The first thing to recognize, is that the tools available to us are varied and flexible. As usual, the more options you have the more difficult it is to determine what to do. I am going to limit the discussion on tools available, and instead address the broader concerns people have when they are structuring,, creating, and sharing business value. First, here are some of the ancillary considerations you should be keeping in mind:
- Control of the business,
- Succession management for the business,
- Protection of your assets from creditors or seizure from third parties,
- Impact on your estate, and
Each of these could be a 2000-word treatise just to touch on the broad considerations, but it is enough for now to simply point out that the distribution of business value has a direct impact on, and is itself impacted by, the above five matters.
Value of a Business
I believe it is important to get a common understanding on the “value of a business”. Many assume that a business value is a single thing: if you own 10% of a business, then you own 10% of the value. While that can be true, business value is composed of four separate elements:
- The share of profits of the business,
- The share of assets of the business distributed on its winding up,
- The share of the proceeds on the sale of the business, and
- The control you have on the operation of the business.

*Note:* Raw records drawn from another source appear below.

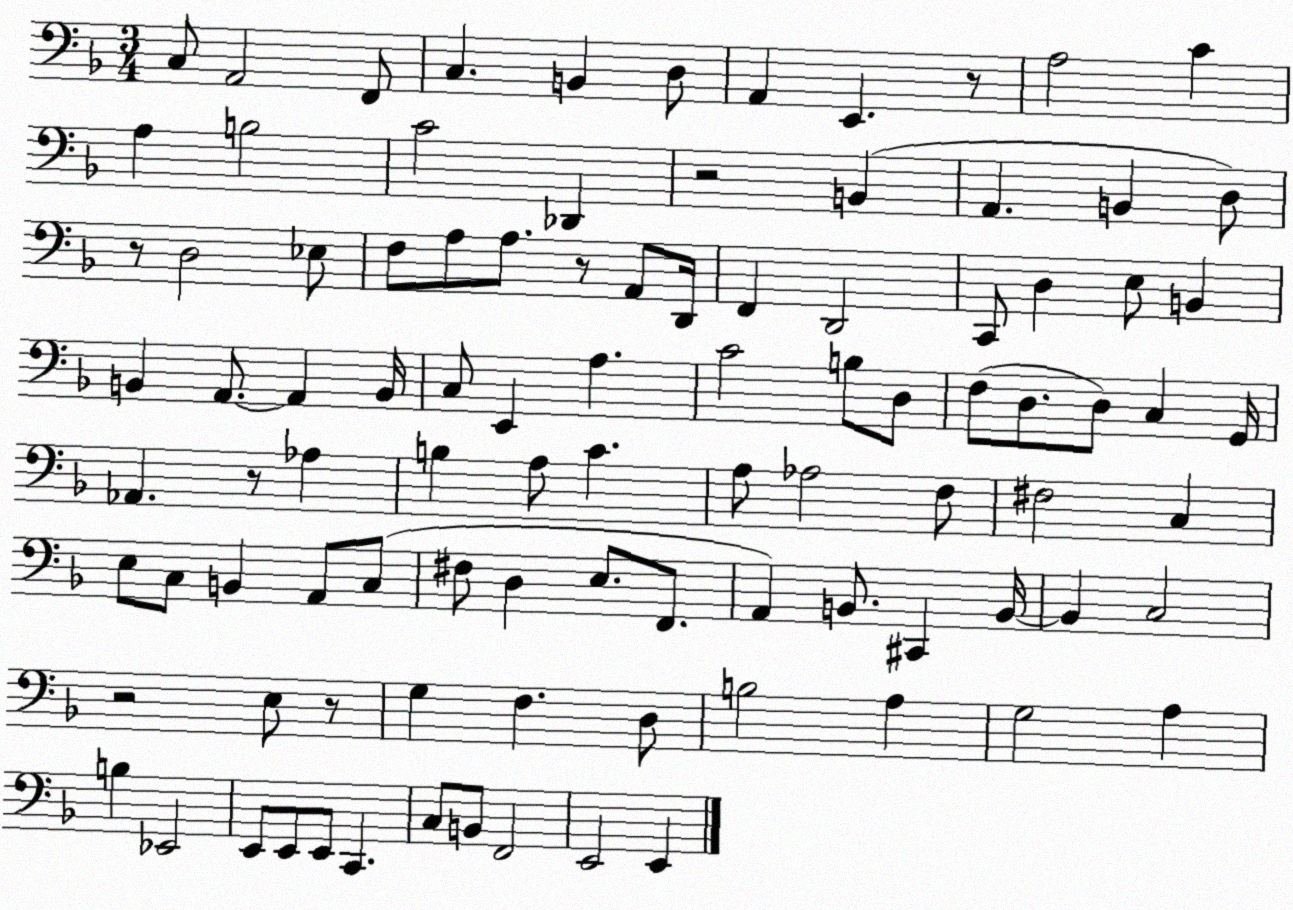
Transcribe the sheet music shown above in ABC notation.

X:1
T:Untitled
M:3/4
L:1/4
K:F
C,/2 A,,2 F,,/2 C, B,, D,/2 A,, E,, z/2 A,2 C A, B,2 C2 _D,, z2 B,, A,, B,, D,/2 z/2 D,2 _E,/2 F,/2 A,/2 A,/2 z/2 A,,/2 D,,/4 F,, D,,2 C,,/2 D, E,/2 B,, B,, A,,/2 A,, B,,/4 C,/2 E,, A, C2 B,/2 D,/2 F,/2 D,/2 D,/2 C, G,,/4 _A,, z/2 _A, B, A,/2 C A,/2 _A,2 F,/2 ^F,2 C, E,/2 C,/2 B,, A,,/2 C,/2 ^F,/2 D, E,/2 F,,/2 A,, B,,/2 ^C,, B,,/4 B,, C,2 z2 E,/2 z/2 G, F, D,/2 B,2 A, G,2 A, B, _E,,2 E,,/2 E,,/2 E,,/2 C,, C,/2 B,,/2 F,,2 E,,2 E,,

We can separate out and structure the corporation, its shares, and the agreements between the corporation and the shareholders such that we can deal with the four difference elements of business value separately and differently. For example, we can create a situation where someone has no control of the business but receives all profits from it; while another entity has full control of the business, receives no profits from the business, but would receive all proceeds on the sale of the business. It is exactly this flexibility that makes corporate structures so useful, but also can lead to challenges.

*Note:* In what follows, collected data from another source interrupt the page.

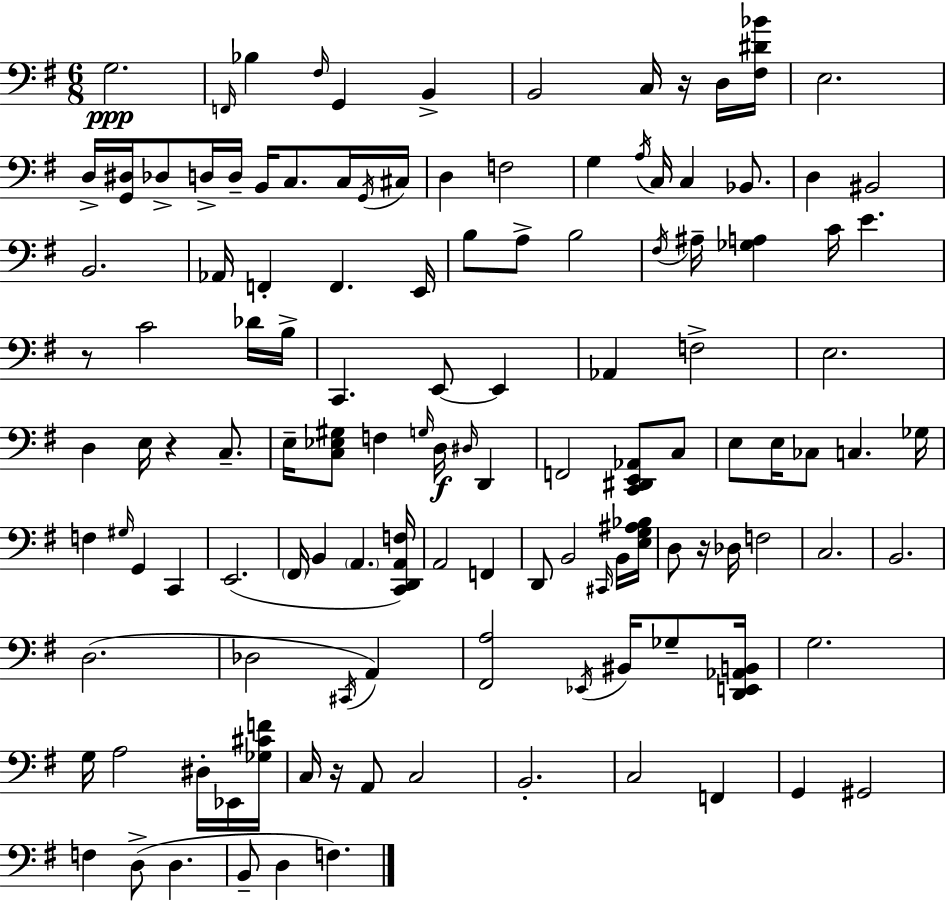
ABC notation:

X:1
T:Untitled
M:6/8
L:1/4
K:G
G,2 F,,/4 _B, ^F,/4 G,, B,, B,,2 C,/4 z/4 D,/4 [^F,^D_B]/4 E,2 D,/4 [G,,^D,]/4 _D,/2 D,/4 D,/4 B,,/4 C,/2 C,/4 G,,/4 ^C,/4 D, F,2 G, A,/4 C,/4 C, _B,,/2 D, ^B,,2 B,,2 _A,,/4 F,, F,, E,,/4 B,/2 A,/2 B,2 ^F,/4 ^A,/4 [_G,A,] C/4 E z/2 C2 _D/4 B,/4 C,, E,,/2 E,, _A,, F,2 E,2 D, E,/4 z C,/2 E,/4 [C,_E,^G,]/2 F, G,/4 D,/4 ^D,/4 D,, F,,2 [C,,^D,,E,,_A,,]/2 C,/2 E,/2 E,/4 _C,/2 C, _G,/4 F, ^G,/4 G,, C,, E,,2 ^F,,/4 B,, A,, [C,,D,,A,,F,]/4 A,,2 F,, D,,/2 B,,2 ^C,,/4 B,,/4 [E,G,^A,_B,]/4 D,/2 z/4 _D,/4 F,2 C,2 B,,2 D,2 _D,2 ^C,,/4 A,, [^F,,A,]2 _E,,/4 ^B,,/4 _G,/2 [D,,E,,_A,,B,,]/4 G,2 G,/4 A,2 ^D,/4 _E,,/4 [_G,^CF]/4 C,/4 z/4 A,,/2 C,2 B,,2 C,2 F,, G,, ^G,,2 F, D,/2 D, B,,/2 D, F,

Compensation: Time vs. Capital
We can use corporate and contractual tools to separate out the four elements of business value, but to what end? Before we can address that, we should further clarify the common drivers of sharing business value: time and capital investment in the business. But that too is over-simplified, because there are really six different elements to consider for most sharing of business value:
- Past investment of time in the business
- Past investment of capital in the business
- Current investment of time in the business
- Current investment of capital in the business
- Future investment of time in the business
- Future investment of capital in the business
While this appears trite, when you are sharing business value, it is important to not just recognize what you are apportioning value for but also to ask whether there are better ways to apportion the value based on what you are compensating for. For example, awarding a new employee profit share now and forever on the basis of what they might do for you tomorrow and a year from now looks like absolute nonsense when framed in that way. Yet many companies will turn over a significant percentage of the company to a new employee based on what they are expected to do. Instead, we can look to one of the tools in our “legal toolbox” and create an option agreement, where the new employee is provided the right to acquire a percentage of the company’s shares (which for simplicity’s sake we can consider as correlating to a share of the profits, control, proceeds on sale and assets on winding up).

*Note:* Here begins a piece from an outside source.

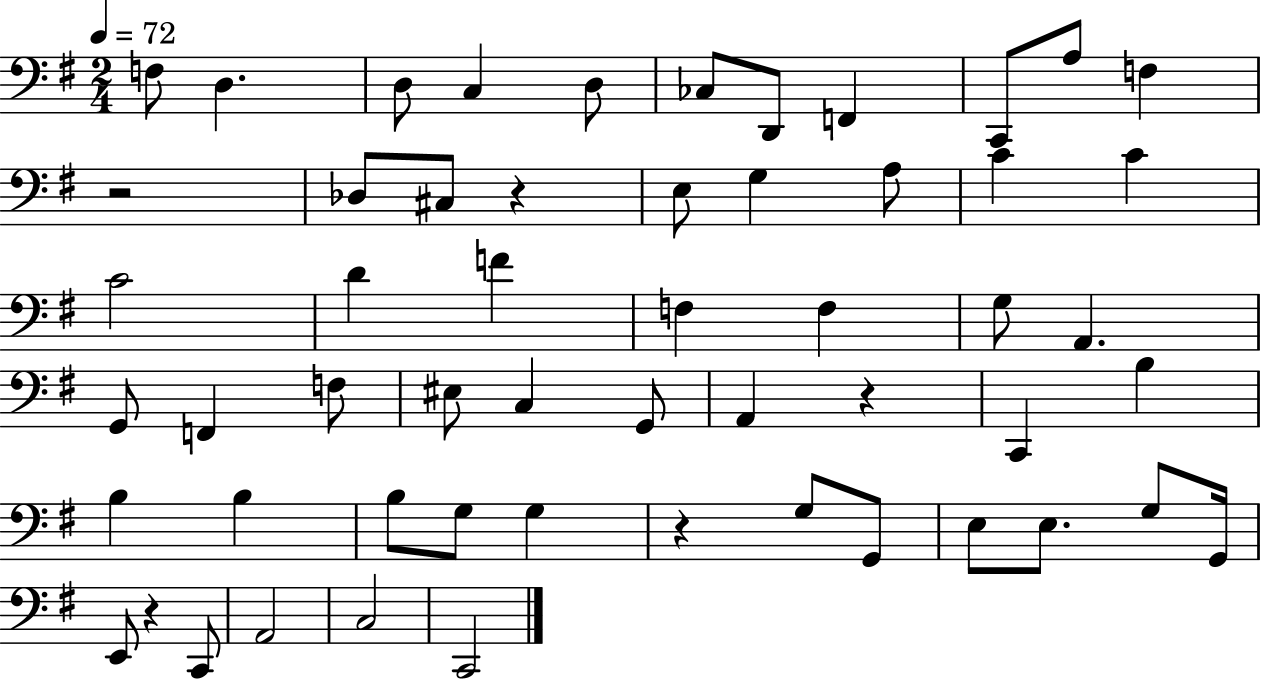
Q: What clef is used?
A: bass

All of this provides context for what I, as a lawyer, need to have in hand to provide options on how to structure the company now, and in the future. I can even further break this down to assist both in my framing of options as well as framing the discussion between business founders:
- In consideration of Founder 1’s current and past investment of time and capital in the business; Founder 1 will receive
o A1% of the profits of the business
o A2% of the assets of the business on its winding up
o A3% of the proceeds on the sale of the business; and
o A4% of the control of the business
- In consideration of Founder 2’s current and past investment of time and capital in the business, Founder 2 will receive
o B1% of the profits of the business
o B2% of the assets of the business on its winding up
o B3% of the proceeds on the sale of the business; and
o B4% of the control of the business
- In consideration of Founder 1’s planned future investment of time and capital in the business; Founder 1 will receive
o C1% of the future profits of the business
o C2% of the future assets of the business on its winding up
o C3% of the future proceeds on the sale of the business; and
o C4% of the future control of the business
- In consideration of Founder 2’s planned future investment of time and capital in the business, Founder 2 will receive
o D1% of the future profits of the business
o D2% of the future assets of the business on its winding up
o D3% of the future proceeds on the sale of the business; and
o D4% of the future control of the business
- A1+ B1=100%
- A2+ B2=100%
- A3+ B3=100%
- A4+ B4=100%
While there are many ways in which these sharing arrangements can be accomplished, we will be looking to the operational, family, tax and risk circumstances of the business and the founders (and sometimes even the families of the founders) to determine the right legal, contractual, and corporate structures for them. It is often the most efficient spending of time to explain to your counsel what you hope to achieve, and then allow your lawyer, often in consultation with your accounting, estate and tax advisors; to determine the best path forward.